▶ Problem statement
Retype the following data exactly, but leave its pictures out.

^^^^^^^^

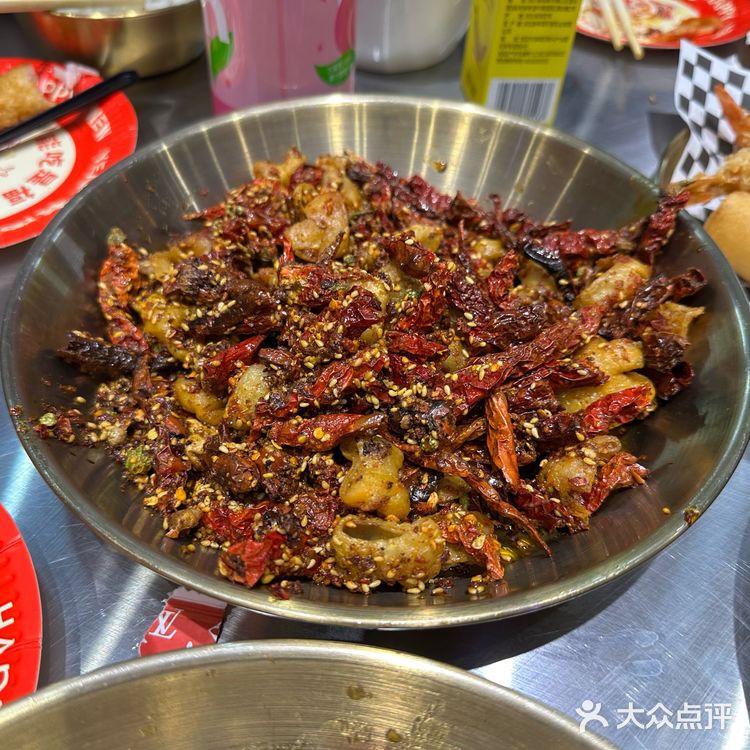 个人认为是吉林的个性餐厅天花板！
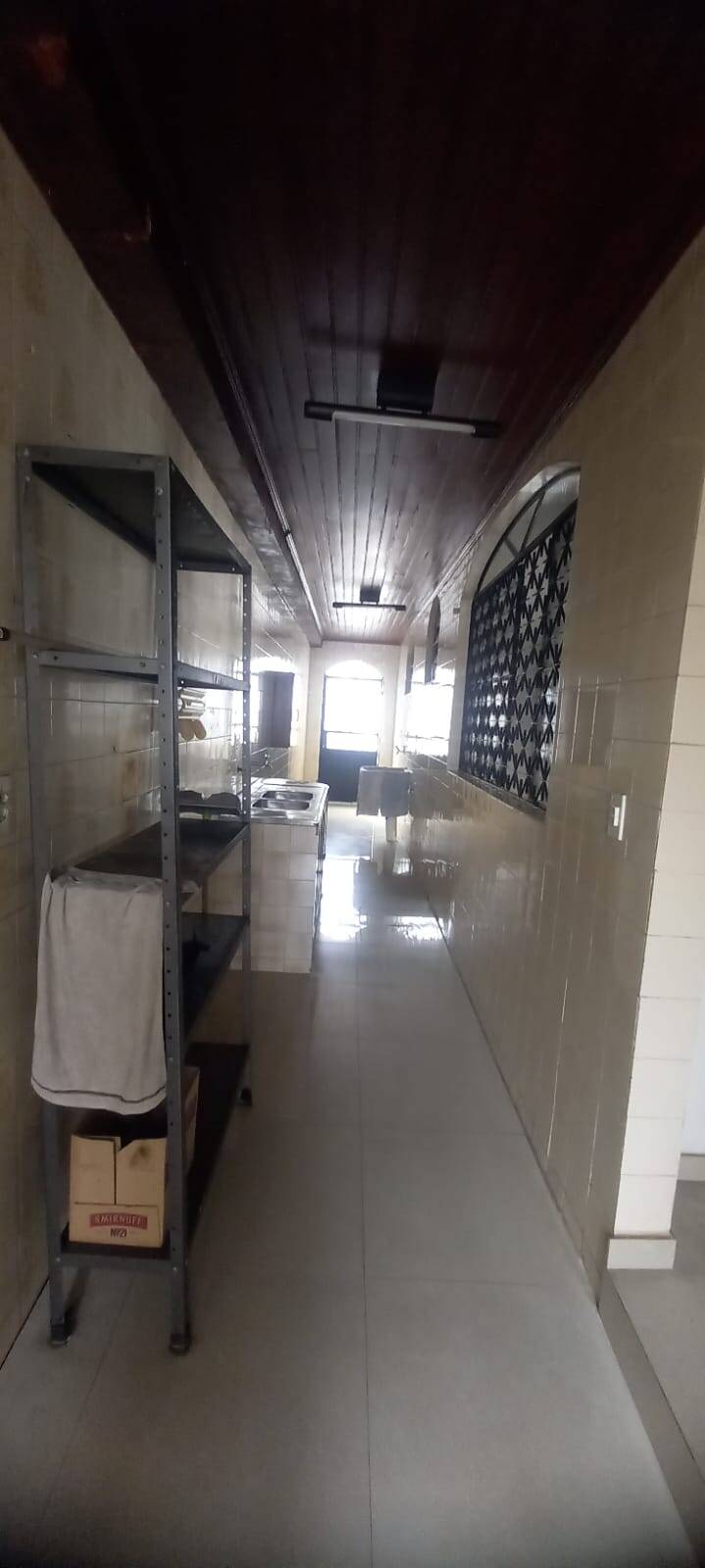 Casa, 3 quartos - Foto 12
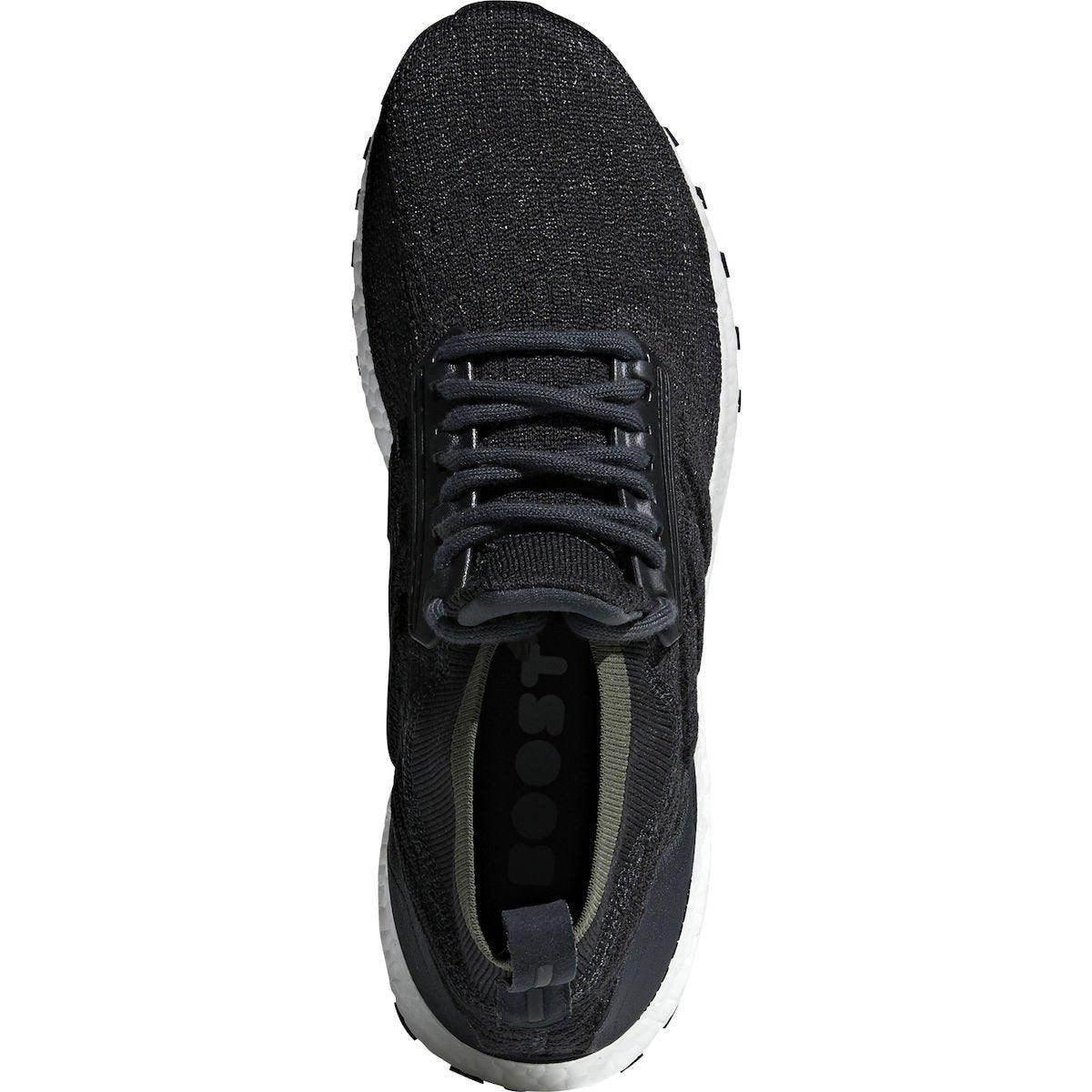 נעלי ריצת שטח גבוהות אדידס לגברים Ultraboost ALL TERRAIN CM8256 - Image 5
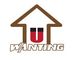 Quanzhou U-Wanting Art &amp; Crafts Co., Ltd.
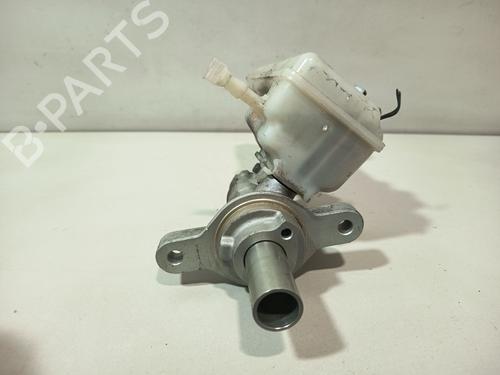 Brake master cylinder RENAULT KANGOO Express (FW0/1_) Z.E. (FW0Z, FW1Z) | BP33337643M77 - Image 2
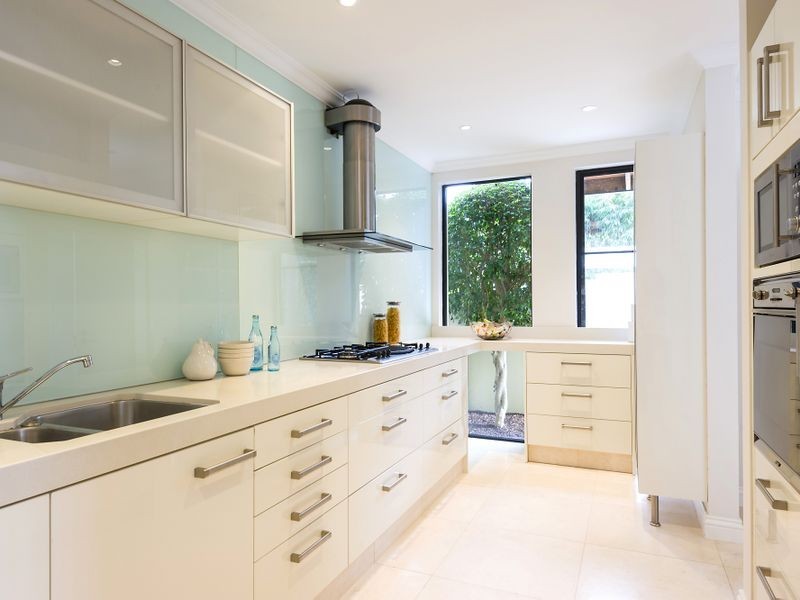 3/79-83 Foamcrest Avenue, Newport NSW 2106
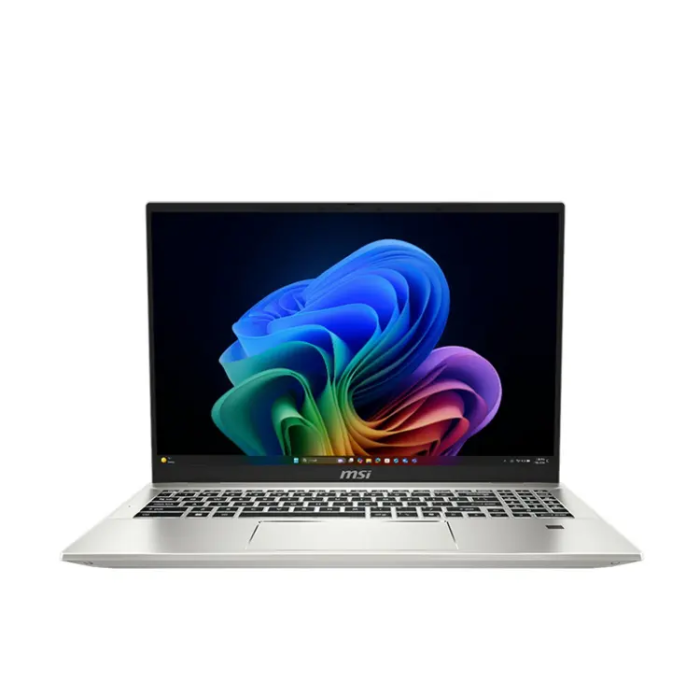 MSI Prestige A16 AI+ Ryzen AI 9 32GB QHD+ Maroc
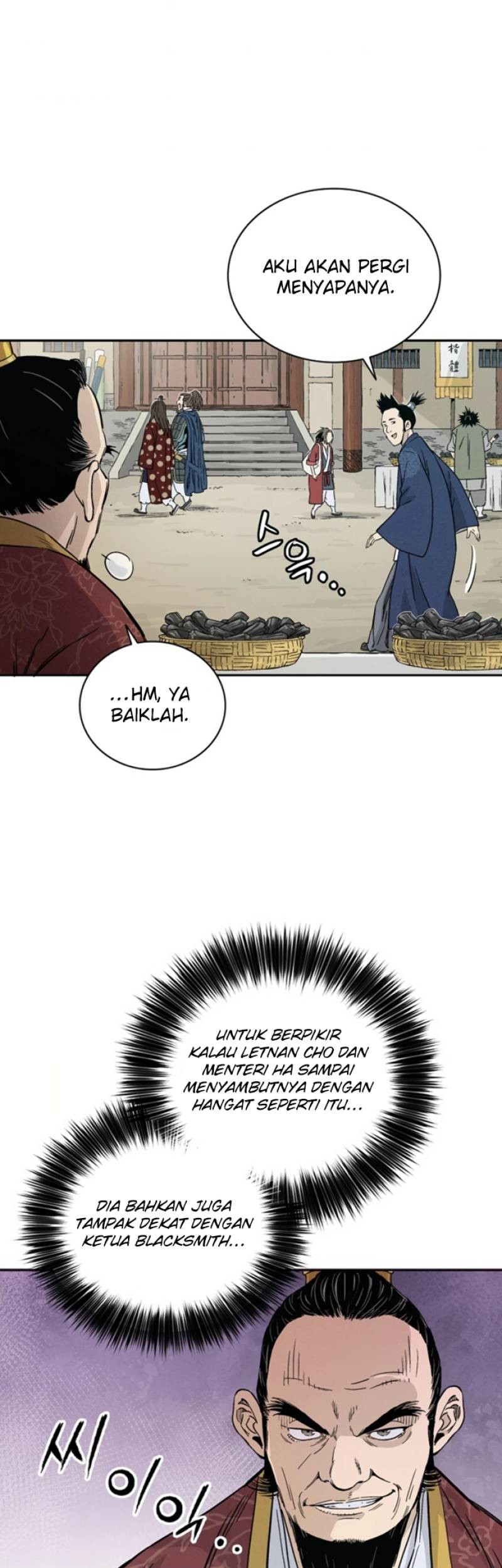 Chapter 29 - halaman 41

^^^^^^^^

▶ Response for this exercise
 个人认为是吉林的个性餐厅天花板！
 Casa, 3 quartos - Foto 12
 נעלי ריצת שטח גבוהות אדידס לגברים Ultraboost ALL TERRAIN CM8256 - Image 5
 Quanzhou U-Wanting Art &amp; Crafts Co., Ltd.
 Brake master cylinder RENAULT KANGOO Express (FW0/1_) Z.E. (FW0Z, FW1Z) | BP33337643M77 - Image 2
 3/79-83 Foamcrest Avenue, Newport NSW 2106
 MSI Prestige A16 AI+ Ryzen AI 9 32GB QHD+ Maroc
 Chapter 29 - halaman 41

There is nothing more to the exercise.